Another interesting Dagstuhl talk related to these topics was by

Michael Schroeder, City University London:
Arguments and Misunderstandings:
A Fuzzy Approach to Conflict Resolution in Open Systems

Let me discuss here the basic idea of such rule systems and start to
compare it with description logics, instantiating and elaborating an
example discussed by

Xianchang Wang, Jia-Huai You, and Li Yan Yuan:
Logic programming without default negation revisited (page 4)

Let me use these conventions:

Negation as failure will be be denoted by:    naf
Explicit negation will be be denoted by:      neg

Defeasible implication will be be denoted by: <=
Ordinary implication will be be denoted by:   <-

Now, attempts have been made to transform a "naf rule" like

  p(x)      <-  q(x)  ^  naf(r(x))

into "neg-defeasible rules" like

  p(x)      <=  q(x)

  neg(p(x)) <=  r(x)

where the case of conflict (contradiction) of the "neg-defeasible rules"
corresponds to the case of non-applicability of the "naf rule":
In a "sceptical" view, if both rules are potentially applicable with the
same substitution, none of them will be applied.

The negative head of a predicate definition, here neg(p(x)), from the
'exception-case' rule, has also been considered to have priority over
its corresponding positive head, here p(x), of the 'normal-case' rule.

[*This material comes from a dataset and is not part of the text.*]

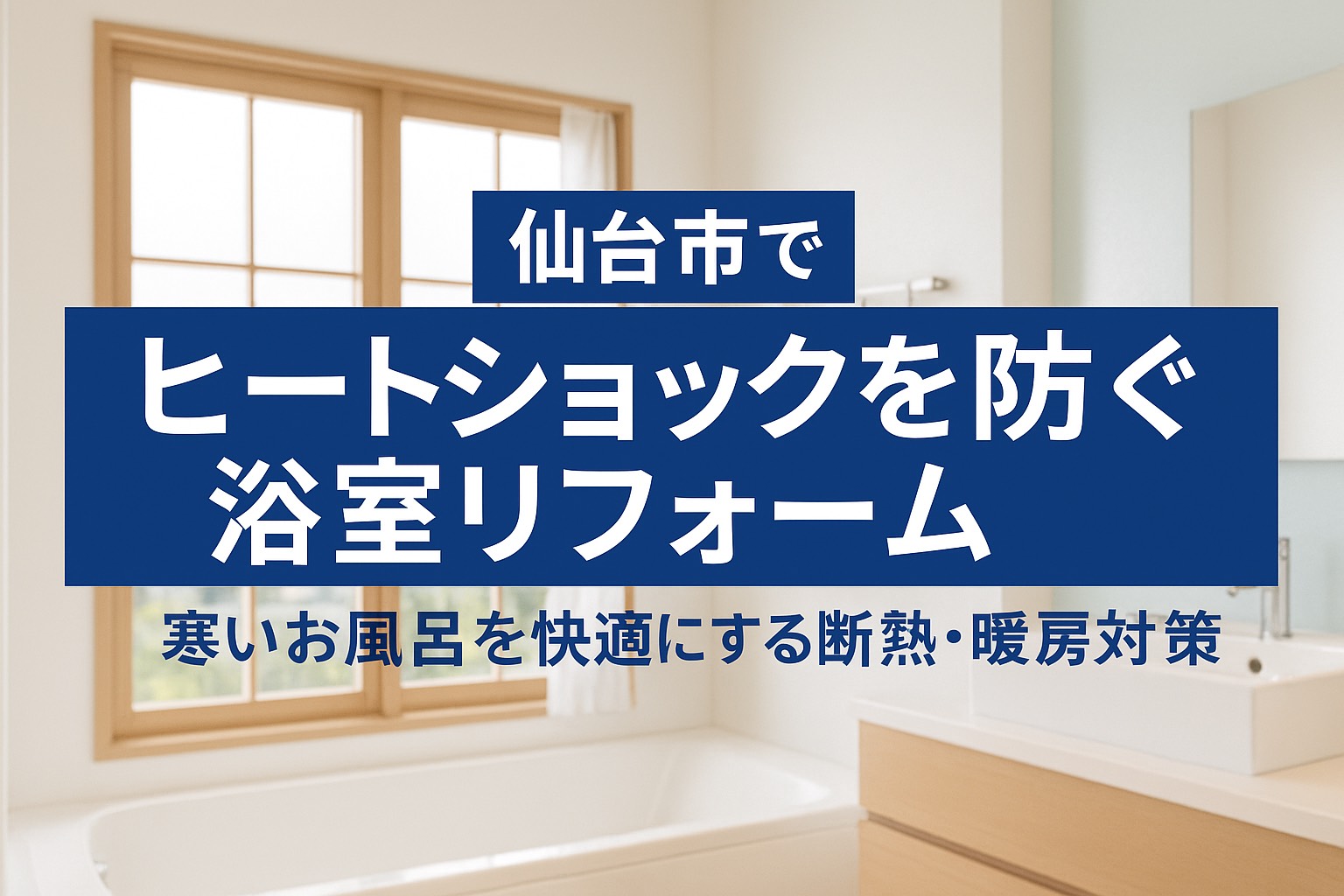 仙台市の住宅をイメージした明るく清潔な浴室。断熱と暖房で冬でも快適に過ごせるリフォームをテーマにした画像。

Such priorities are often made explicit:

1:    p(x)      <=  q(x)

2:    neg(p(x)) <=  r(x)

1 < 2

Priority labels can also be used for other purposes such as contractual
exception rules, and are useful quite independently from attempts to
replace naf. They were thus brought into RuleML by Benjamin Grosof.

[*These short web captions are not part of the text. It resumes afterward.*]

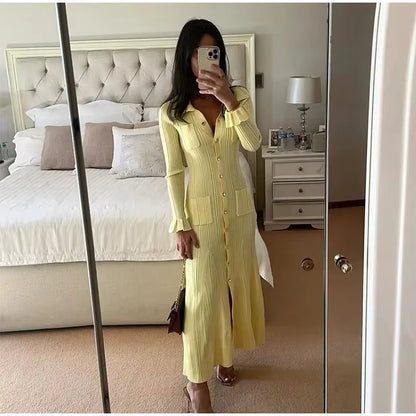 Women's Long Sleeve Knit Maxi Dress | Ruffle Hem | Button Front | Yellow | Winter | Steven & Levon
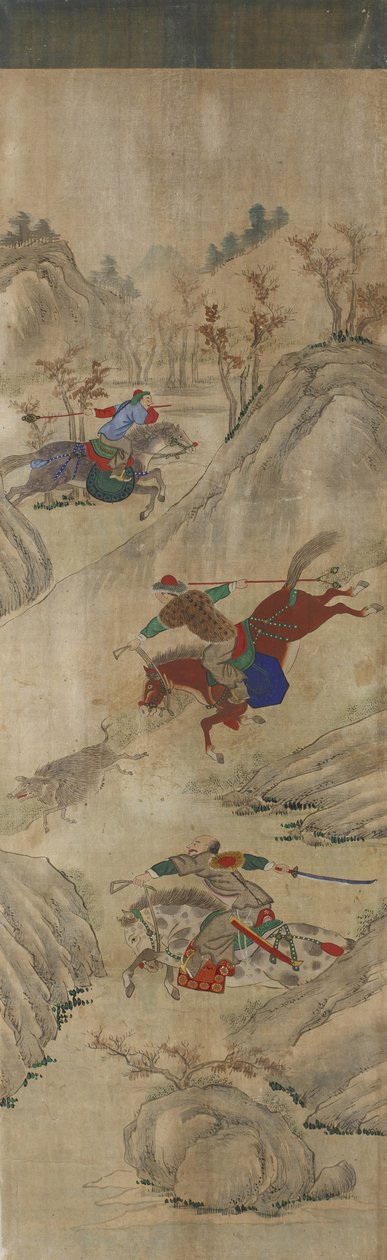 Scène de chasse (3 cavaliers et sanglier) - Korean School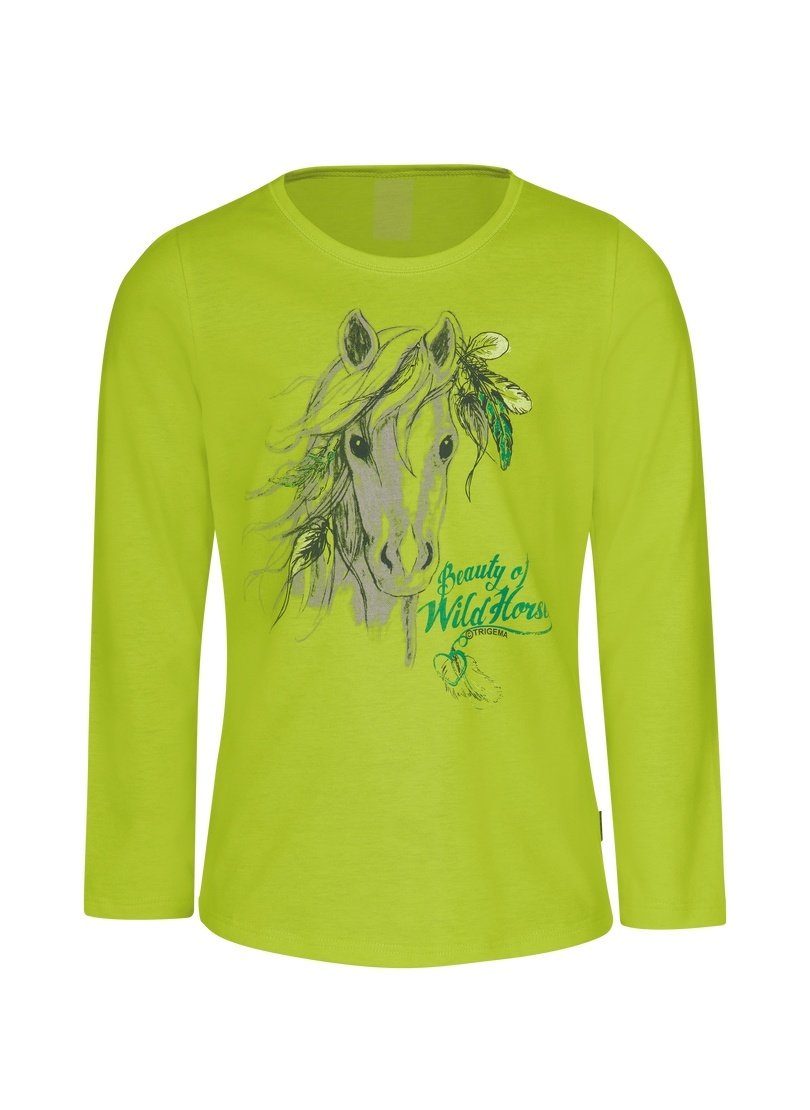 TRIGEMA T-Shirt T-Shirt Pferde-Motiv niedlichem mit Trigema lemon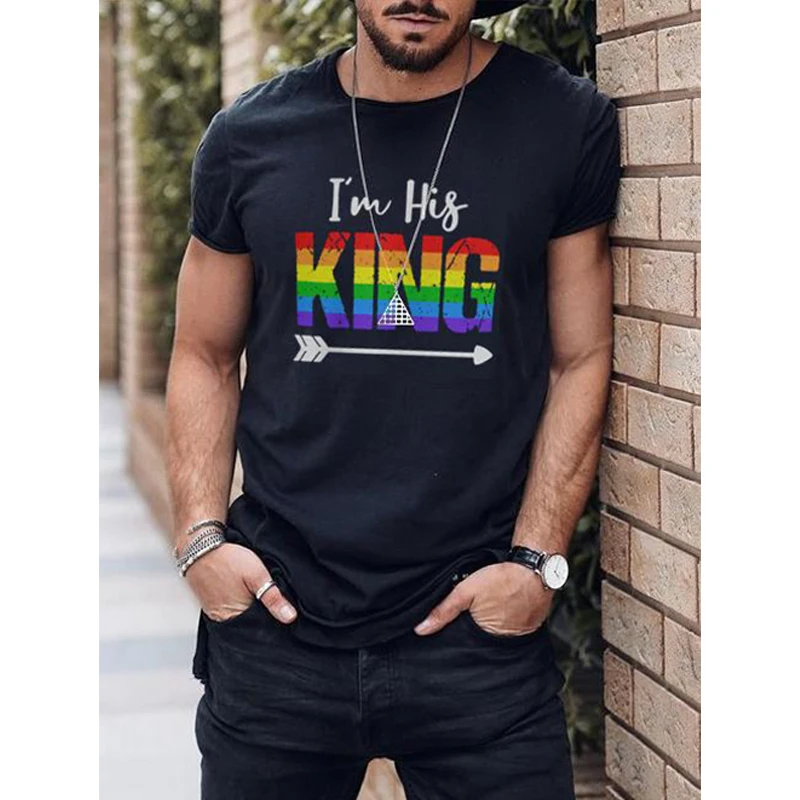 

Rheaclot He Is My King Letter Printing Men's Casual Fashion T-shirt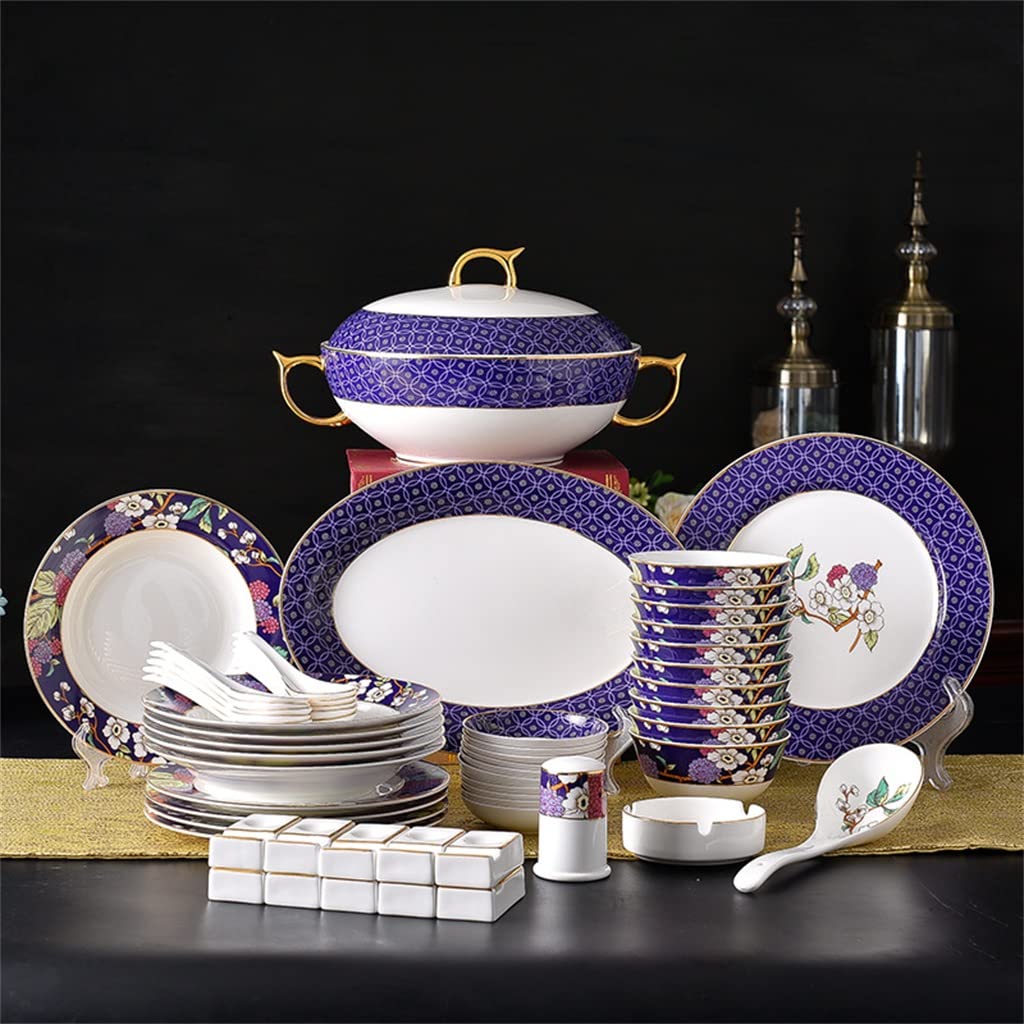 SAeWare Juego de vajilla rústica mediana de 56 cabezas, tazón, palillos, plato y plato, utensilios de cocina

Now, for instantiating the transformation of the example, let us first
assume three often-used predicate assignments:

p = can-fly
q = bird
r = penguin

The "naf rule" instantiation

  can-fly(x)      <-  bird(x)  ^  naf(penguin(x))

can be transformed into the "neg-defeasible rules"

  can-fly(x)      <=  bird(x)

  neg(can-fly(x)) <=  penguin(x)

This looks quite reasonable. However, let us now assume one slightly
different predicate assignment ("wingless" in the sense of having no
wings, which is different from the often-used "broken-wing"):

p = can-fly
q = bird
r = wingless

The "naf rule" instantiation

  can-fly(x)      <-  bird(x)  ^  naf(wingless(x))

can surely not be transformed into the "neg-defeasible rules"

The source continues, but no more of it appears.